November 1997, Seoul Hilton Hotel. This newspaper exclusively captured an economic official, his face hidden behind a suit jacket, hurriedly entering the hotel room of an International Monetary Fund (IMF) negotiating team. It was the moment Korea, with its foreign exchange reserves depleted, applied for a bailout.
Twenty-eight years have passed since then. When the IMF identified Korea alongside Belgium in its Fiscal Monitor on the 15th of this month as countries whose debt ratios would rise "significantly" over the next five years, the Presidential Office and the Ministry of Economy and Finance's Budget Office immediately pushed back. Kim Yong-beom, head of policy at the Presidential Office, dismissed the formula of "national debt equals risk" as "a one-dimensional fear narrative." The Budget Office even released explanatory materials, stating that "Korea's debt projections are low compared to major economies." Looking back at the era when the government held its breath over a single line in an IMF report, it feels like a different age.

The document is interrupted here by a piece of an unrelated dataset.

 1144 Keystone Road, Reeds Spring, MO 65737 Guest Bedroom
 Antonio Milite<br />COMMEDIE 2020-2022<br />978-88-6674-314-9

Today's Korea, included in the World Government Bond Index (WGBI), cannot be placed on the same footing as Korea in 1997. As the government contends, the general government debt (D2) ratio relative to gross domestic product (GDP) stands at 54.4% this year, far below Japan's 204%. But the IMF used the word "significantly" not because a crisis is imminent, but because the pace is steep. The cumulative increase in Korea's D2 ratio from 2026 to 2031 (8.7 percentage points) is the largest among 11 advanced non-reserve-currency countries classified by the IMF. Looking only at national debt (D1), the direct obligations of central and local governments, debt has grown by 9.0% annually over the past five years while nominal GDP has expanded at an average of 5.3% — piling up at 1.7 times the pace of growth.
The Budget Office cites as rebuttal evidence that while the IMF projected Korea's 2023 debt ratio at 61.0% back in 2021, the actual figure came in at just 50.5%. But the fact that past projections missed the mark does not mean this warning will also prove wrong. The IMF's recent downward revision of its 2030 forecast from 64.3% to 61.7% reflects an upward adjustment in the nominal growth rate rather than improved fiscal management. What enlarged the denominator was effectively the semiconductor boom, and if the cycle turns, the debt ratio is likely to revert to the path the IMF has warned about.
The government on the eve of the 1997 foreign exchange crisis also claimed "the fundamentals are sound." That Korea has regained enough confidence to push back against IMF warnings is something to be proud of. But if it moves to a stage of shutting its ears to external warnings, the sense of a bygone era will turn into déjà vu.